News & Events

Industry Week in Review –April 27, 2018


Aerospace & Defense Update

Numerous aerospace and defense companies have announced positive 1Q18 earnings throughout the past week.  Boeing reported a strong quarter, beating consensus earnings per share (“EPS”) estimates by $1.05 (28.8%) and reported revenue growth of 6.6% year-over-year (“YoY”) to $23.4 billion, driven by a 9% increase in commercial aircraft deliveries and a 13% increase in Defense, Space, & Security segment revenues.  Lockheed Martin also reported a solid quarter, beating EPS estimates by $0.60 (14.9%) and increasing revenue by 3.8% YoY to $11.6 billion.  Lockheed’s highlight of the quarter was the conclusion of the System Design and Development phase of the F-35 program.  Northrop Grumman also had a favorable quarter and beat EPS estimates by $0.57 (13.5%) while increasing revenue by 5.1% YoY to $6.7 billion, driven by higher Manned Aircraft volume at Aerospace Systems and higher Sensors and Processing volume at Mission Systems.  All three companies beat consensus revenue estimates and raised EPS guidance for 2018, citing industry tailwinds from the ramp up in defense spending and a lower tax rate environment.

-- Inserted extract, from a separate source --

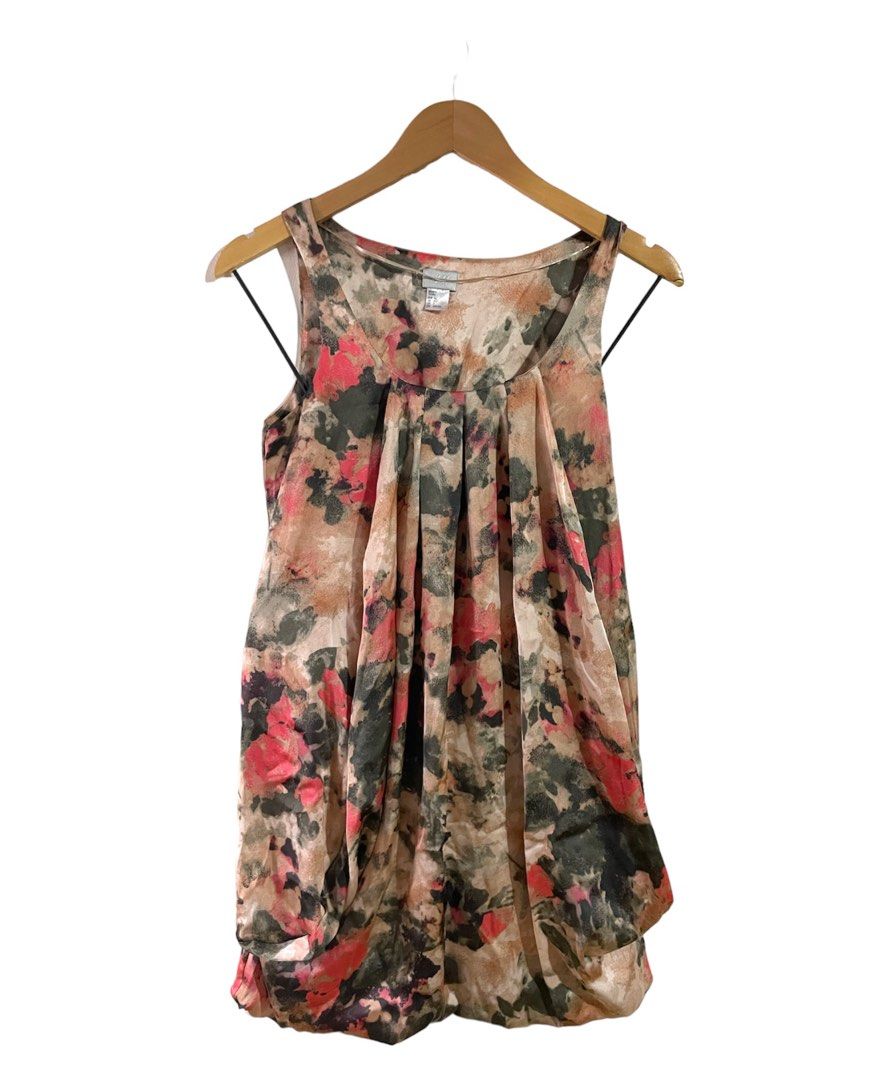 H&M Floral Sleeveless Top (Category: Sleeveless) located in Makati City. Submitted by yoursthriftly (Listing ID 1226258415, Image 1). Description: .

United Technologies beat EPS estimates by $0.26 (14.7%) and increased revenue by 10.1% YoY to $15.2 billion due to robust military sales and strong aftermarket sales from its large installed base of engines.  General Dynamics beat EPS estimates by $0.17 (6.4%) and raised its revenue by 1.3% YoY to $7.5 billion, citing growth in its defense business revenues, particularly within its Combat Systems segment.  Lastly, Raytheon beat EPS estimates by $0.09 (4.1%) and increased its revenue by 5.0% YoY to $6.3 billion.  Both United Technologies and Raytheon beat consensus revenue estimates and raised 2018 EPS guidance.  While General Dynamics missed quarterly revenue estimates, the company reaffirmed previous 2018 EPS guidance, expecting continued strength in global demand for its integrated air and missile defense systems.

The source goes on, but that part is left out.